The second car is moving faster than the first, which means that every hour the distance between the cars will decrease by the difference in their speeds:

60 – 40 = 20 (km/h) – this is the approaching speed of cars

By dividing the distance between the cars by the speed of their approach, you can find out how many hours later they will meet:

160 : 20 = 8 (h)

The solution to the problem by actions can be written as follows:

1) 40 · 4 = 160 (km) – distance between cars

2) 60 – 40 = 20 (km/h) – approaching speed of cars

3) 160: 20 = 8 (h)

Answer:

The second car will catch up with the first in 8 hours.

Problem 2

From two villages that are 5 km apart, two pedestrians left at the same time in the same direction. The speed of the pedestrian walking in front is 4 km/h, and the speed of the pedestrian walking behind is 5 km/h. How many hours after leaving will the second pedestrian catch up with the first?

Solution:

Since the second pedestrian moves faster than the first, the distance between them will decrease every hour. This means you can determine the speed of approach of pedestrians:

5 - 4 = 1 (km/h)

Both pedestrians left at the same time, which means the distance between them is equal to the distance between the villages (5 km). By dividing the distance between pedestrians by the speed of their approach, we find out how long it will take for the second pedestrian to catch up with the first:

5 : 1 = 5 (h)

The solution to the problem by actions can be written as follows:

1) 5 - 4 = 1 (km/h) - this is the speed of approaching pedestrians

2) 5 : 1 = 5 (h)

Answer

:
After 5 hours, the second pedestrian will catch up with the first.
Problem 3

Two cyclists left the same village at the same time in the same direction. The speed of one of them is 15 km/h, the speed of the other is 12 km/h. What distance will be through them after 4 hours?
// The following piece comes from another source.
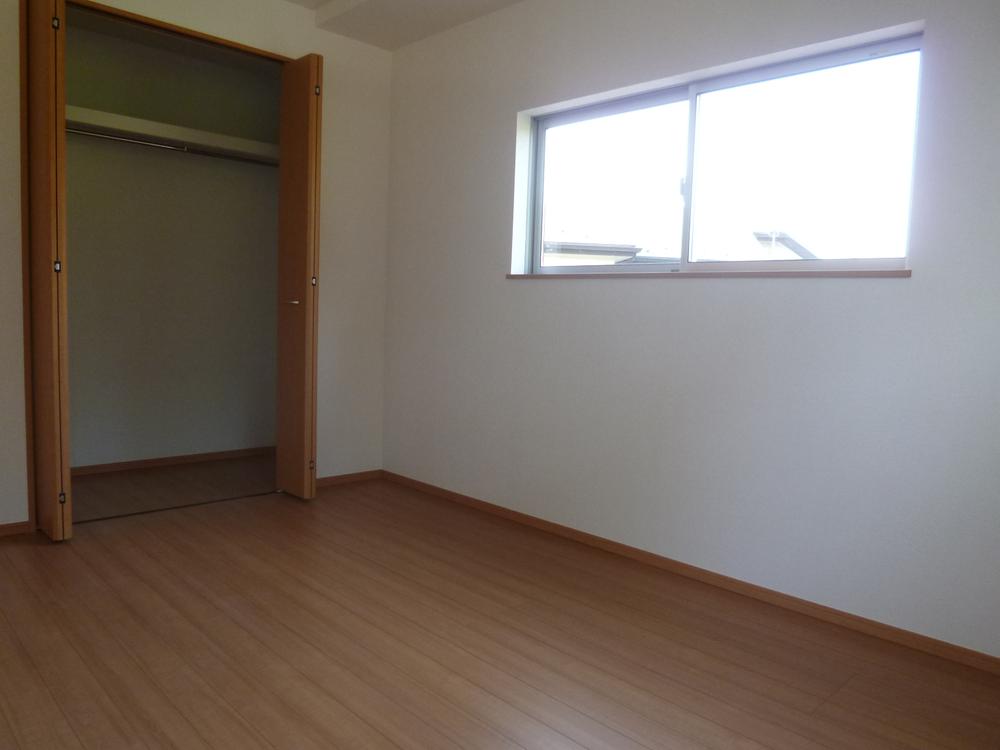 Non-living room. Phase 3 Building 2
Solution: 1) 15-12=3 (km/h) speed of removal of cyclists

2) 3∙4=12 (km) this distance will be between cyclists in 4 hours.
Answer:
After 4 hours, the distance between cyclists will be 12 km.

Problem 4

A pedestrian and a cyclist left the village at the same time at the station. After 2 hours, the cyclist was 12 km ahead of the pedestrian. Find the pedestrian's speed if the cyclist's speed is 10 km/h.

Solution: 1) 12:2=6 (km/h) speed of removal of a cyclist and a pedestrian

2) 10-6=4 (km/h) pedestrian speed.

Answer:

The walking speed is 4 km/h.

Removal speed tasks

Problem 1
Two cars left at the same time from the same point in the same direction. The speed of the first car is 80 km/h, and the speed of the second is 40 km/h.

1. What is the speed of removal between cars?
2. What will be the distance between the cars after 3 hours?
3. After how many hours will the distance between them be 200 km?

Solution:

First, we find out the speed at which the cars are moving away from each other; to do this, we subtract the smaller one from the higher speed:

80 - 40 = 40 (km/h)

Every hour, cars move 40 km away from each other. Now you can find out how many kilometers there will be between them in 3 hours; to do this, multiply the removal rate by 3:

40 3 = 120 (km)

To find out how many hours later the distance between cars will be 200 km, you need to divide the distance by the speed of removal:

200 : 40 = 5 (h)

Answer:

1. The speed of removal between cars is 40 km/h.
2. In 3 hours there will be 120 km between the cars.
3. After 5 hours there will be a distance of 200 km between the cars.